Before finishing up my third term in Bhutan I had an obligation to train spa staff in Gangtey and Bumthang. I hadn't been to Gangtey since early March and was happy to explore the valley a little more as well as relaxing in a traditional hot stone bath, something I had never done before but referred many people to with positive feedback in return.  On my first day there I was treated to go try out a farmhouse we used to use for lunches that had revamped some things and wanted feedback on it.  So I was "forced" to eat local food and try some new things and some old familiar ones.  Though not as delicious as the farmhouse we use in Bumthang, it was still charming.  We took a longer roundabout way back by walking  through the valley instead of driving back on the road.  I did my training when I got back to the lodge and then was whisked away to my hot stone bath.  Truly an exquisite setup and phenomenal experience, as with most of the things Aman does. Tucked inside right next to a traditional potato shed is the tub.  Big stones are heated on a fire and when ready placed slowly into a side compartment. Local herbs are soaking in the pool to disperse their natural remedies. Outside just below, cows are grazing. In front is a long valley corridor where the sun soon begins to set through. Nightfall slowly creeps in and before you know it, it's pitch black and (if there aren't clouds) stars shine above.  One little mistake I made was to not get out more frequently. I did make sure to drink lots of water but exiting every 15minutes is also helpful. I got up to pee after about 90 minutes and while urinating I fainted, hitting my head on a stone behind me (and subsequently twisting some leg muscles which took me out of my yoga practice for nearly a month).
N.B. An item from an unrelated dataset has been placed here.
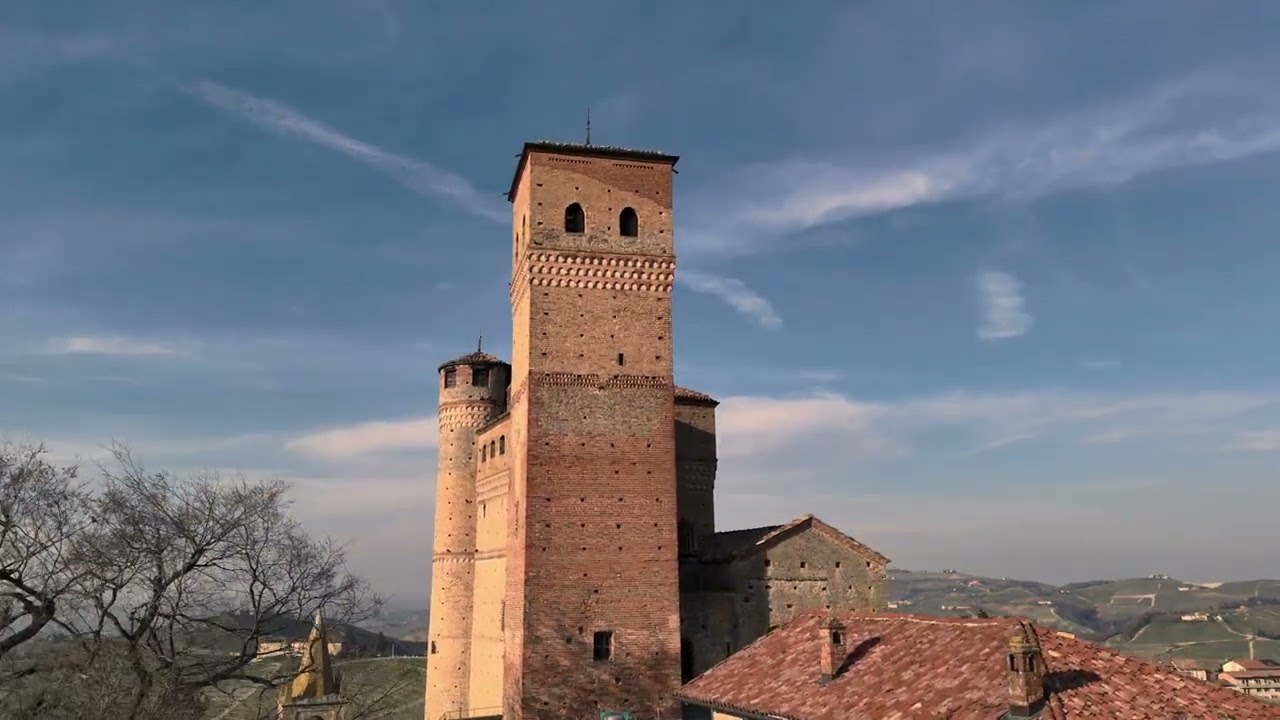 Castello di Serralunga d'Alba (CN) - Marzo 2025 - DJI Air 3 4K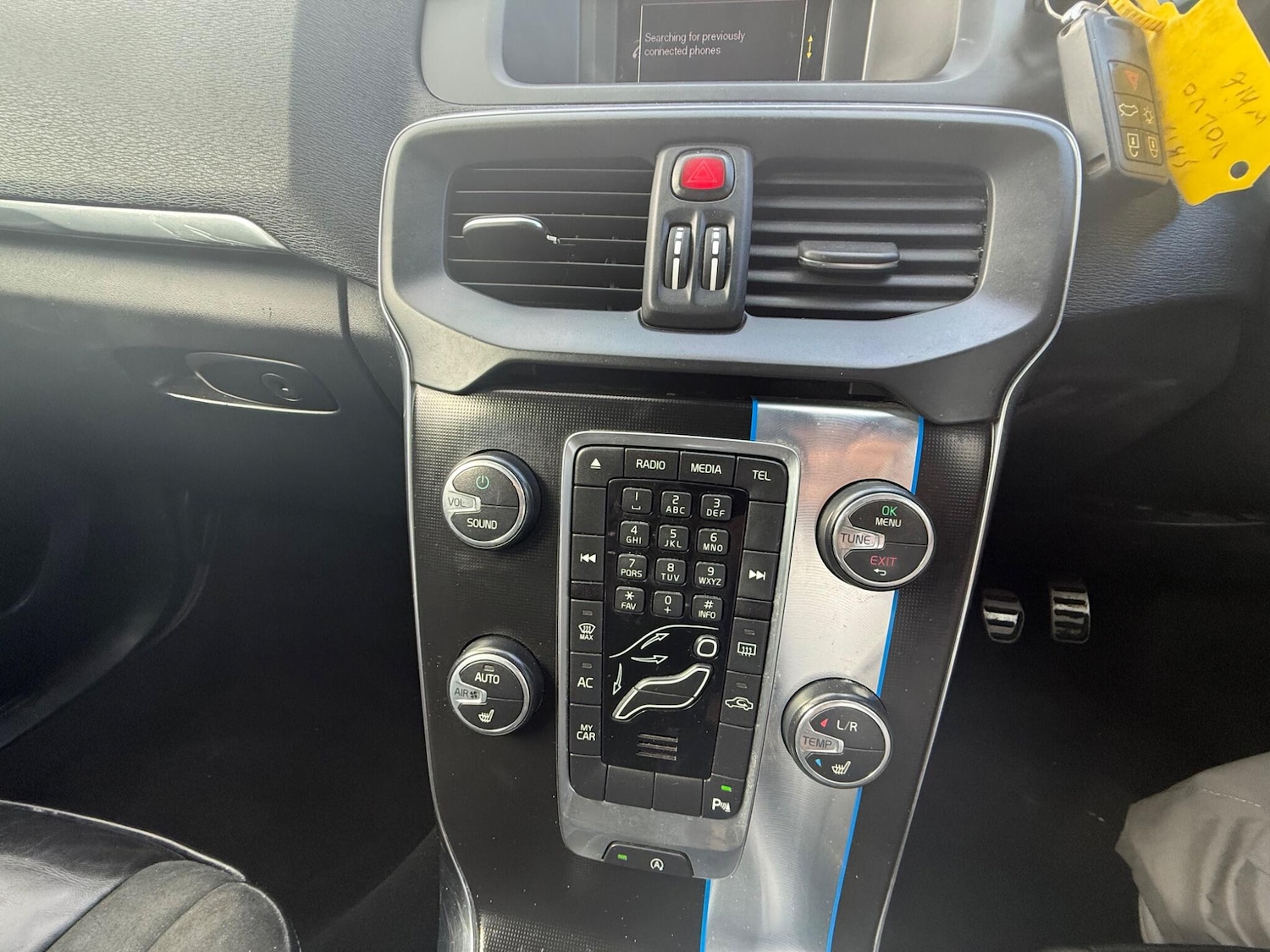 Used Volvo V40 2015 for sale - 78141364: Photo 10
Hitting my head on the stone woke me up, and though I was dazed, confused and in some pain I couldn't help but laugh at my situation.  When I was ok and less dizzy I got back into the tub and soaked for another 90 minutes or so. Hoping it would heal my leg, as well as sitting in the bath just feels really great.

The following day on my way back to Thimphu I was fortunate enough to see a beautiful deer hopping along the road. It was too difficult to get a photo but I was excited as it was my first dear seen in Bhutan.  Also we came across some langurs playing in the road, and those things just look so cool.